La audiencia de formulación de acusación se llevó a cabo el 17 de agosto de 2012 y el 4 de septiembre se celebró la audiencia preparatoria.
El 17 de septiembre siguiente la defensa de MEJÍA NIEBLES presentó apelación en audiencia de libertad por vencimiento de términos, celebrada ante el Juez Tercero Promiscuo Municipal de Ciénaga (Magdalena), la cual confirmó la decisión del juez de primera instancia en el sentido de no conceder la libertad por vencimiento de términos y remitió el asunto a los Jueces Penales del Circuito de Santa Marta.

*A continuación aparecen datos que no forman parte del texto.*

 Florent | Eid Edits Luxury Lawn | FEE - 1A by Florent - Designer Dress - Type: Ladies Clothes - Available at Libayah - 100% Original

El 24 de septiembre del año en curso, el Juez Primero Penal del Circuito de Ciénaga (Magdalena) se declaró impedido para continuar tramitando el proceso penal, apoyado en el numeral 13 del artículo 56 de la Ley 806 de 2004, señalando que el 21 de septiembre anterior resolvió el recurso de apelación interpuesto por la defensa técnica del procesado contra la decisión proferida por el Juez Tercero Promiscuo Municipal de esa misma ciudad a través de la cual negó la libertad por vencimiento de términos, por lo que remitió el asunto a los Jueces Penales del Circuito de Santa Marta.
Correspondieron las diligencias en reparto al Juez Quinto Penal del Circuito de Santa Marta, cuyo titular no aceptó el impedimento de su homólogo de Ciénaga y decidió enviarlo a la Sala Penal del Tribunal Superior para que resolviera el conflicto.
El 4 de octubre de 2012 la Sala Penal del Tribunal Superior de Santa Marta declaró infundado el impedimento del Juez Primero Penal del Circuito de Ciénaga y dispuso que éste debía continuar con el trámite de rigor del asunto, quien posteriormente fijó el 5 de octubre siguiente para dar inicio a la audiencia del juicio oral.
DECISIÓN IMPUGNADA
El Magistrado del Tribunal a quo profirió fallo en el que negó el hábeas corpus, al considerar que corresponde al interesado acudir a instancias de un juez de control de garantías para pedir la libertad provisional, y en este caso, se vislumbra que el apoderado en efecto pidió en sede judicial la libertad de su prohijado, por lo que procedió a hacer un análisis de las alegaciones del accionante.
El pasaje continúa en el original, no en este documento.